Task prompt — Every record should be written out again in full, with no character altered.

Records for the task —
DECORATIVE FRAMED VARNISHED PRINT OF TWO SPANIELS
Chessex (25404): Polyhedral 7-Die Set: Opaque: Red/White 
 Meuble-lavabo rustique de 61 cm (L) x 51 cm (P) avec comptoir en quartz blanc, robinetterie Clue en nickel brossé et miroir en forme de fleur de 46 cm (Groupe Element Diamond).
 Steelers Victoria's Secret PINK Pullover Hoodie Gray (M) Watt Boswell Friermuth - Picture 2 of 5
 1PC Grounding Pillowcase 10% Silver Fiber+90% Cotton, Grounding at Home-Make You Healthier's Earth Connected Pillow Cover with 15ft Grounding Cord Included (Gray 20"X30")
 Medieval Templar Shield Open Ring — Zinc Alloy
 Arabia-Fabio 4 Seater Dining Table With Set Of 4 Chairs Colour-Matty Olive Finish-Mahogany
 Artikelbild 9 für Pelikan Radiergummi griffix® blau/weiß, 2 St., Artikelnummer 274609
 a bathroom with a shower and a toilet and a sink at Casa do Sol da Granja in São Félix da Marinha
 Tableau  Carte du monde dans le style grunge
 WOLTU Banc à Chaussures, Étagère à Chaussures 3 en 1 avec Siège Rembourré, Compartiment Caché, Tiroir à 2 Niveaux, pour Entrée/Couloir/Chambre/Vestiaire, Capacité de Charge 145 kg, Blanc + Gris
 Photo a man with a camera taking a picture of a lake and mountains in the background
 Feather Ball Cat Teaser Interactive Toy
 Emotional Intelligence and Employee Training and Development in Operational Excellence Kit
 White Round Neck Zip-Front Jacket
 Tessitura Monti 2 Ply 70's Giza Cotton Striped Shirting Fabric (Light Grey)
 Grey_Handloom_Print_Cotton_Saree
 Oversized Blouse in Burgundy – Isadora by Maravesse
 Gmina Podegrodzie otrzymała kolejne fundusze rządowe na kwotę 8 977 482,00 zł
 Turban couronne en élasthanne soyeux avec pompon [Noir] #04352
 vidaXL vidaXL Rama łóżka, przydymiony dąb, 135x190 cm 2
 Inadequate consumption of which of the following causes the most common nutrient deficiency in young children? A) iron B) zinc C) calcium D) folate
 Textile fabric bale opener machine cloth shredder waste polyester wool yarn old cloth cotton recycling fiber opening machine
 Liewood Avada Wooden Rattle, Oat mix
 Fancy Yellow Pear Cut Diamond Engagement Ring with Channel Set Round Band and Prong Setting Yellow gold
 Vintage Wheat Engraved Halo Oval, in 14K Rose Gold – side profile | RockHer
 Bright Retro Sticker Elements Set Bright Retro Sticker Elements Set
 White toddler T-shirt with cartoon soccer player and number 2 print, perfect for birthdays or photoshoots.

Response area —
DECORATIVE FRAMED VARNISHED PRINT OF TWO SPANIELS
Chessex (25404): Polyhedral 7-Die Set: Opaque: Red/White 
 Meuble-lavabo rustique de 61 cm (L) x 51 cm (P) avec comptoir en quartz blanc, robinetterie Clue en nickel brossé et miroir en forme de fleur de 46 cm (Groupe Element Diamond).
 Steelers Victoria's Secret PINK Pullover Hoodie Gray (M) Watt Boswell Friermuth - Picture 2 of 5
 1PC Grounding Pillowcase 10% Silver Fiber+90% Cotton, Grounding at Home-Make You Healthier's Earth Connected Pillow Cover with 15ft Grounding Cord Included (Gray 20"X30")
 Medieval Templar Shield Open Ring — Zinc Alloy
 Arabia-Fabio 4 Seater Dining Table With Set Of 4 Chairs Colour-Matty Olive Finish-Mahogany
 Artikelbild 9 für Pelikan Radiergummi griffix® blau/weiß, 2 St., Artikelnummer 274609
 a bathroom with a shower and a toilet and a sink at Casa do Sol da Granja in São Félix da Marinha
 Tableau  Carte du monde dans le style grunge
 WOLTU Banc à Chaussures, Étagère à Chaussures 3 en 1 avec Siège Rembourré, Compartiment Caché, Tiroir à 2 Niveaux, pour Entrée/Couloir/Chambre/Vestiaire, Capacité de Charge 145 kg, Blanc + Gris
 Photo a man with a camera taking a picture of a lake and mountains in the background
 Feather Ball Cat Teaser Interactive Toy
 Emotional Intelligence and Employee Training and Development in Operational Excellence Kit
 White Round Neck Zip-Front Jacket
 Tessitura Monti 2 Ply 70's Giza Cotton Striped Shirting Fabric (Light Grey)
 Grey_Handloom_Print_Cotton_Saree
 Oversized Blouse in Burgundy – Isadora by Maravesse
 Gmina Podegrodzie otrzymała kolejne fundusze rządowe na kwotę 8 977 482,00 zł
 Turban couronne en élasthanne soyeux avec pompon [Noir] #04352
 vidaXL vidaXL Rama łóżka, przydymiony dąb, 135x190 cm 2
 Inadequate consumption of which of the following causes the most common nutrient deficiency in young children? A) iron B) zinc C) calcium D) folate
 Textile fabric bale opener machine cloth shredder waste polyester wool yarn old cloth cotton recycling fiber opening machine
 Liewood Avada Wooden Rattle, Oat mix
 Fancy Yellow Pear Cut Diamond Engagement Ring with Channel Set Round Band and Prong Setting Yellow gold
 Vintage Wheat Engraved Halo Oval, in 14K Rose Gold – side profile | RockHer
 Bright Retro Sticker Elements Set Bright Retro Sticker Elements Set
 White toddler T-shirt with cartoon soccer player and number 2 print, perfect for birthdays or photoshoots.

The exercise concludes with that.